Mumbai: Some banks and financial institutions want Rs1,000 crore as minimum capital requirement for proposed new banks, double the amount the regulator had indicated in its draft guidelines.
Another critical suggestion from some institutions is that foreign holding in new banks should be permitted up to 74%. The Reserve Bank of India’s (RBI’s) draft norms had suggested 49% foreign holding in new banks.
RBI on Tuesday released the gist of comments from various stakeholders such as banks and non-banking financial companies (NBFCs), corporate houses and industry associations on each of the critical issues featured in the August 2011 draft norms on banking licences, including minimum capital, ownership and foreign ownership.
Eligibility of promoters
Draft norms: Aspirants must have diversified ownership, sound credentials and 10-year successful track record. Applicants should list group companies undertaking key business activities. Those groups conducting activities such as real estate, capital market activities and broking are riskier.
Feedback flows: The Reserve Bank of India building in Mumbai. Photo: Bloomberg
Comments: New bank aspirants seek clarity on the stipulations on eligibility criteria of promoters and clear definitions on real estate construction, ownership diversification and promoter group. Clarity is also being sought on the eligibility of entities with indirect government control.
Draft: Promoter groups can set up a new bank only through a wholly owned non-operative holding company (NOHC), which will hold the bank as well as all other financial services companies in the group.
Comments: Business houses, NBFCs and a federation of industries want to revisit the requirement of NOHC to be wholly owned by the promoters, and diversified shareholding at the NOHC level be permitted to improve corporate governance and avoid regulatory overlap. Specialized businesses such as infrastructure and housing finance should be allowed to be continued outside the bank.
Draft: Initial minimum paid-up capital for a new bank is pegged at Rs500 crore. NOHC to hold a minimum of 40% of the paid-up capital of the bank, with a five-year lock-in period. Holding in excess of 40% of the total paid-up capital to be brought down to 40% within two years from the date of licensing of the bank. Shareholding by NOHC shall be brought down to 20% within 10 years and 15% within 12 years.

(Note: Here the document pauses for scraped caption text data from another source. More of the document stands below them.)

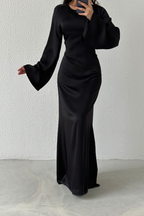 Modest Satin Evening Dress- Black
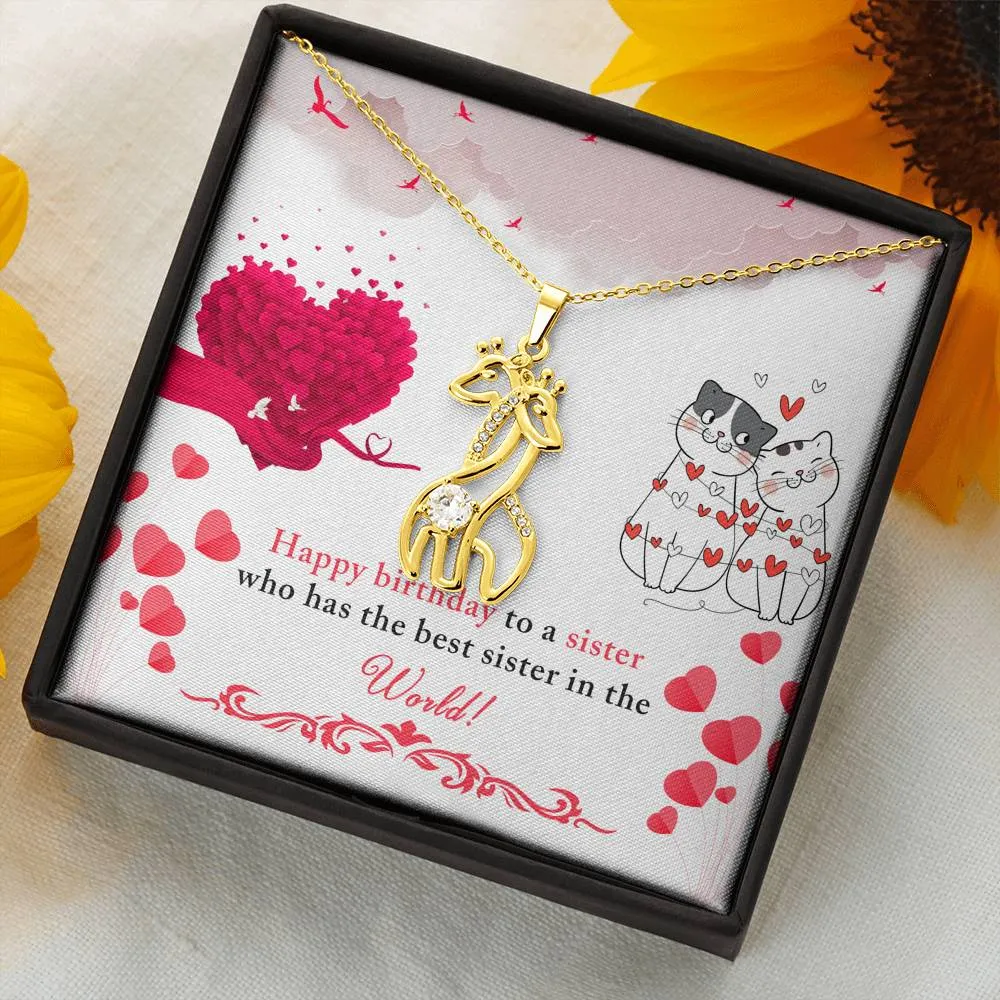 To the best sister-Giraffe Birthday Necklace for Sister, From Sister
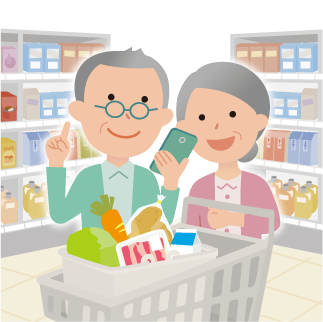 買い物中の夫婦のイラスト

Comments: Some banks and institutions suggest minimum capital at Rs1,000 crore. Suggestions are also there to increase the time for dilution of promoter shareholding to 40% in the bank from two years to three-five years horizon. Some want the dilution to a period of 15 years and permission to hold higher stakes for promoters and NOHC.
Draft: Total overseas shareholding through foreign direct investment, non-resident Indians and foreign institutional investors in the new banks not to exceed 49% for the first five years from the date of licensing. No foreign shareholder, directly or indirectly, individually or in groups, will be permitted to hold 5% or more of the paid-up capital of the bank. Currently, foreign shareholding limit in private sector banks is capped at 74%.
Comments: Some institutions suggest foreign shareholding should be permitted up to a level of 74%. A few business houses, NBFCs and an industry federation felt that restricting foreign shareholding to 49% for initial five years was not a deterrent. A federation suggest 5% limit to be raised to 25% to attract strategic investors.
Draft: At least 50% of the directors of NOHC to be independent directors. No financial services entity under NOHC to be allowed to engage in any activity that a bank is permitted to undertake departmentally. All such activities to be moved to the new bank.
Comments: Infrastructure companies suggest that the infrastructure business should be allowed to be run outside the bank. Infrastructure companies getting converted into banks should be given exemption from the pre-emptions such as cash reserve ratio or the portion of deposits to be kept with RBI, statutory liquidity ratio or banks’ investment in government bonds, priority sector lending, etc., in the initial years. Banks are required to give 40% of their loans to economically weaker sections of society under the so-called priority sector norms.
Some NBFCs say that a time span of two-three years or 5-10 years should be given to the bank to transfer activities permitted to it from other entities or NBFCs in the group. They also say tax implication for transferring existing financial services business to the bank should be addressed. According to some NBFCs, a large number of independent directors in holding company are of no use.
Draft: Aspirants are to forward business plan for the new banks along with their applications, which should be realistic and viable. It should outline the model to explain how the bank proposes to achieve financial inclusion; 25% of the bank branches to be in unbanked rural centres.
Comments: There are suggestions seeking to specify targets for financial inclusion. The head offices of banks should be encouraged to be based in a non-metro centre. NBFCs, business federations and chambers of commerce say the stipulation on banks having 25% of branches in unbanked rural centres is too onerous; they want this to be revised to 15%.